JuliaLang / julia

The Julia Programming Language
https://julialang.org/
MIT License
45.48k stars 5.46k forks source link

disentangle `map` and `collect` generic functions #48510

Open goretkin opened 1 year ago

goretkin commented 1 year ago

When I originally opened https://github.com/JuliaLang/julia/issues/39628 , I realized I should have made two issues, and didn't This is the non-doc portion of that issue.

Where possible, it is desirable to have properties such as

map(identity, c) == c

See https://github.com/JuliaLang/julia/pull/38150#issuecomment-726304995 . As that thread indicates, that property doesn't currently hold, because map is conflated with collect. To relate the behavior of map and collect, I expect the following property

map(f, collect(c)) == collect(map(f, c))

One example where the property doesn't hold is with Generators:

julia> c = (x for x in 1:4)
Base.Generator{UnitRange{Int64},typeof(identity)}(identity, 1:4)

julia> map(identity, c)
4-element Array{Int64,1}:
 1
 2
 3
 4

That property could hold with the following definitions:

Base.:∘(::(typeof(identity)), f) = f
Base.map(f, g::Base.Generator) = Base.Generator(f ∘ g.f, g.iter)

This will break code that was using map for its collect behavior.

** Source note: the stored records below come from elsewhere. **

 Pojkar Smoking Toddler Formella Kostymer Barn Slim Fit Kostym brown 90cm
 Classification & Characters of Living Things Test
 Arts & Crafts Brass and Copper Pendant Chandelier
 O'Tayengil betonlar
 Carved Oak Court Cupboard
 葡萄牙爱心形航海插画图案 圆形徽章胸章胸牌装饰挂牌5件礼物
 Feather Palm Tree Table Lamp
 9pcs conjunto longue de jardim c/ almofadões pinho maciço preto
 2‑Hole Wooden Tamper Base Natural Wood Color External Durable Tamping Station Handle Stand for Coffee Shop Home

Some examples (with some false positives from splatting arguments from a generator into map) can be found with the regex map\([^,]*,\s*\(.*for.*in.

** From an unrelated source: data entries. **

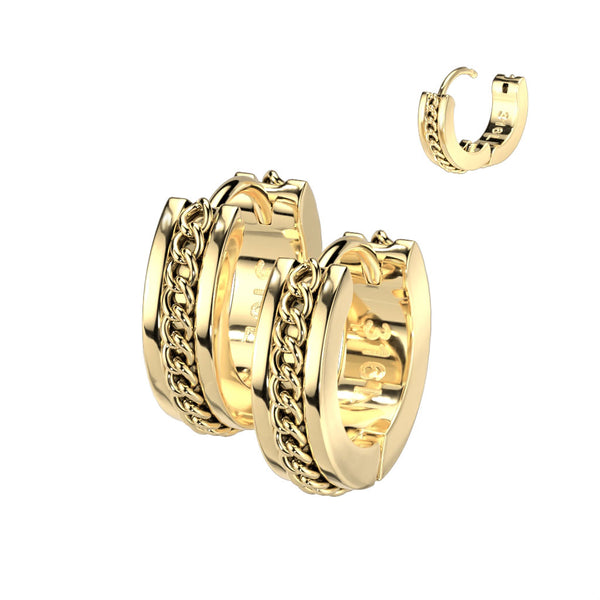 Pair of 316L Surgical Steel Gold PVD Chain Link Design Hinged Hoop Earrings - Pierced Universe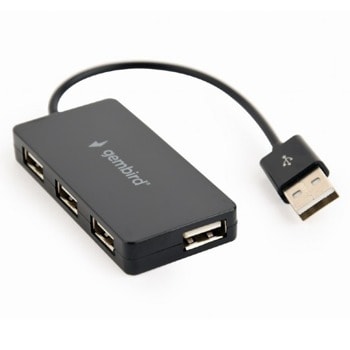 USB Хъб Gembird UHB-U2P4-04, 4 порта, от USB Type-A към 4x USB 2.0 Type-A, черен image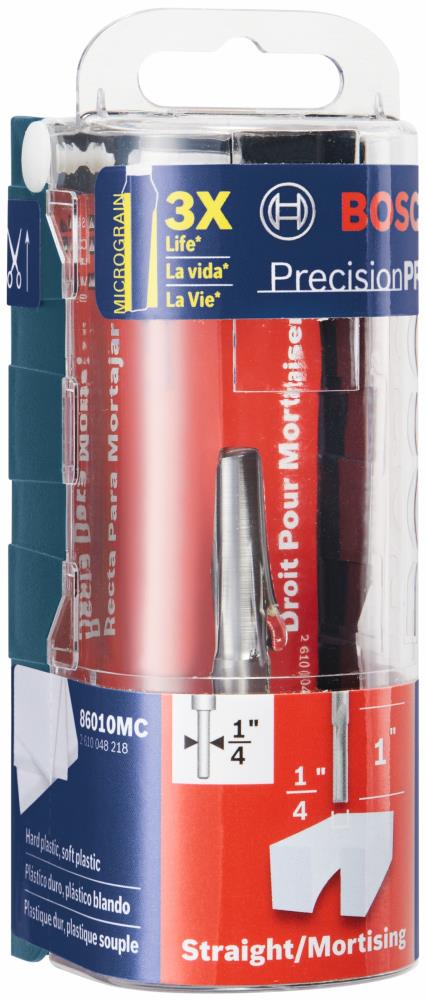 Broca para Router Bosch de 1/4 pulgadas con punta de carburo y canal en forma de O 86010MC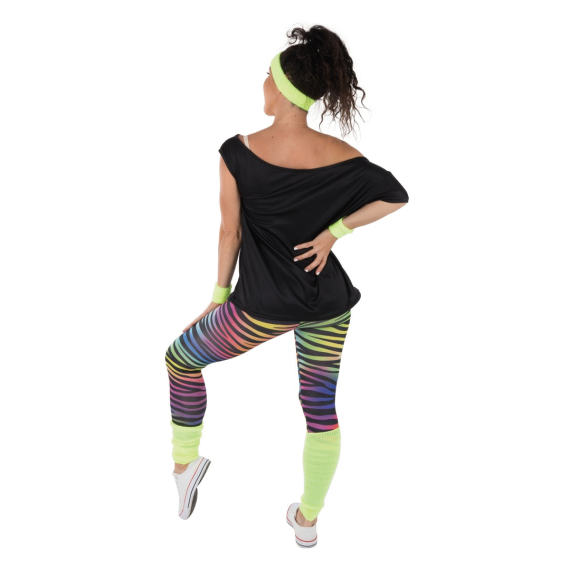 Set Legging Jaune Fluo Adulte deguisement annees 80 pas cher Badaboum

@jakobnissen recently made similar comments on Slack

(For v2.0)

N5N3 commented 1 year ago

I think we can do this for Iterators.map before 2.0?

goretkin commented 1 year ago

That search link no longer works: here is an updated link: https://juliahub.com/ui/Search?q=map%5C%28%5B%5E,%5D%2a,%5Cs%2a%5C%28.%2afor.%2ain&type=code&r=true

An example true positive of the search: https://github.com/zgornel/EmbeddingsAnalysis.jl/blob/e045d5c9169a29a68d66aad15297348de1863e8e/test/vocab_reduction.jl#L5

The current behavior (illustrated below) shows why changing the behavior of map on Generator to not also collect can be problematic:

julia> gen1 = (fill(i, (3, )) for i = 1:4)
Base.Generator{UnitRange{Int64}, var"#21#22"}(var"#21#22"(), 1:4)

julia> gen2 = (sum(vec) for vec in gen1)
Base.Generator{Base.Generator{UnitRange{Int64}, var"#21#22"}, var"#23#24"}(var"#23#24"(), Base.Generator{UnitRange{Int64}, var"#21#22"}(var"#21#22"(), 1:4))

julia> arr2 = map(sum, gen1)
4-element Vector{Int64}:
  3
  6
  9
 12

julia> @show typeof(arr2) typeof(gen2)
typeof(arr2) = Vector{Int64}
typeof(gen2) = Base.Generator{Base.Generator{UnitRange{Int64}, var"#21#22"}, var"#23#24"}
Base.Generator{Base.Generator{UnitRange{Int64}, var"#21#22"}, var"#23#24"}

julia> eltype(arr2)
Int64

julia> eltype(gen2)
Any
uniment commented 1 year ago

An example true positive of the search:

It seems like that specific example could be fixed by introducing a method of permutedims that takes Generators? After that, the ./= operator works with generators.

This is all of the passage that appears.